L’état d’avancement du chantier de construction de ce projet (prévu à Agadir pour 15 MDH) est de 30%. Ce projet vient concrétiser les engagements de l’État pris avec l’interprofession dans le cadre du contrat-programme qui prévoit la mise en place d’un pôle de compétences dédié à l’arganeraie. Cette structure permettra de canaliser les efforts des scientifiques et professionnels pour préserver et valoriser ce trésor. Ce futur centre est appelé à se positionner comme un pôle de promotion du patrimoine culturel de l’arganier et d’appui à une recherche d’excellence.

En attendant, l’arganier fait-il l’objet de travaux de Recherche & Développement, sachant que des pays ont déjà cloné cet arbre et s’attellent à développer cette culture ?
L’Andzoa organise, chaque année, avec le ministère de tutelle et l’Institut national de recherche agronomique (INRA), un congrès international qui constitue un rendez-vous de rencontre et d’échange entre les membres de la communauté scientifique. D’autre part, plusieurs institutions nationales de R&D ont fait aboutir des projets concrets pour améliorer la valorisation des produits et, de facto, le revenu des agriculteurs. L’INRA a par exemple développé un programme de recherche variétale pour la sélection de plants performants. C’est tout le projet d’arganiculture qui s’étale sur 10.000 ha qui est encadré scientifiquement par une équipe multidisciplinaire qui mène bien évidemment des travaux de R&D. De toutes les manières, la recherche scientifique sur l’arganier est un élément crucial pour une gestion durable de l’écosystème et pour la valorisation des produits. Elle nous permet d’innover et de développer des options techniques, biotechnologiques et génétiques.

L’Andzoa a tenu dernièrement son conseil d’orientation stratégique. Quel est alors le plan d’action pour les années à venir ?
Nous avons évidemment discuté le plan de travail triennal de l’agence pour la période 2023-2025, ainsi que le budget y afférent.

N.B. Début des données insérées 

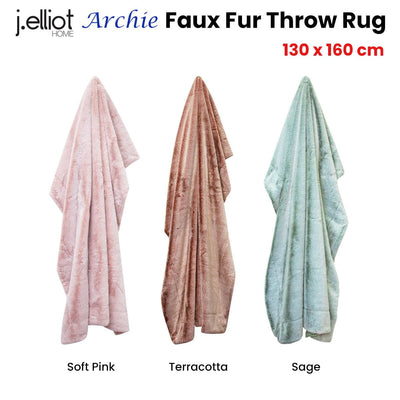 J Elliot Home Archie Sage Faux Fur Throw Rug 130 x 160cm Payday Deals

Mais ce conseil a été aussi l’occasion de dresser le bilan du déploiement de la stratégie de développement des zones oasiennes et de l’arganier depuis son lancement en 2012. L’évolution des indicateurs de développement au niveau de nos zones d’action affiche une amélioration significative, que ce soit sur le plan socioéconomique ou encore en matière d’accompagnement du développement des écosystèmes oasiens et de l’arganeraie. A titre d’exemple, le taux de pauvreté a été réduit de moitié, passant de 13,4% en 2007 à 6,8% en 2019. Idem pour le taux de désenclavement du milieu rural qui s’est apprécié de 70 à 83,45%.

Mais quelles seront les priorités de votre agence pour les années à venir ?

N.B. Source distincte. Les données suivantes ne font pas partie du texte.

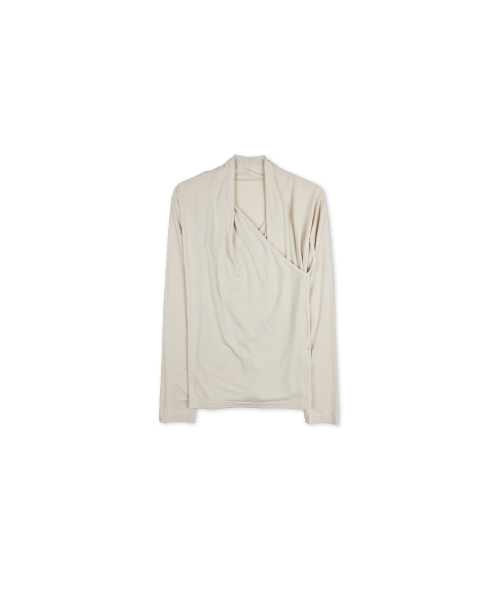 320SHOWROOM(320ショールーム)の「Wrap Long Sleeve T-Shirt Cream(Tシャツ/カットソー・レディース・その他・FREE)」の4枚目の写真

Une nouvelle stratégie est en cours d’élaboration pour tracer de nouveaux objectifs prioritaires. Mais nous sommes tous conscients que l’eau est l’enjeu primordial à prendre en considération et à intégrer localement pour la mise en place de tout projet de développement. Le renforcement de la résilience de la RBA face aux changements climatiques constitue, également, une priorité sur laquelle il faut agir à travers la mise en place de projets d’adaptation et d’atténuation. Enfin, l’employabilité des jeunes et l’autonomisation économique des femmes du milieu rural s’inscrivent parmi nos préoccupations afin de renforcer la dynamique territoriale de ces zones et leur assurer un développement durable et équitable. Le défi est que la population devienne le porteur actif du développement d’une agriculture résiliente permettant la valorisation adaptée de terres marginalisées et dégradées. Aujourd’hui, la phase de sensibilisation et de renforcement des capacités des organisations d’agriculteurs, bénéficiaires de ce projet, a été lancée. Les organisations professionnelles des premiers périmètres livrés sont dotées du matériel d’irrigation et d’entretien nécessaires pour garantir la pérennisation de cette culture.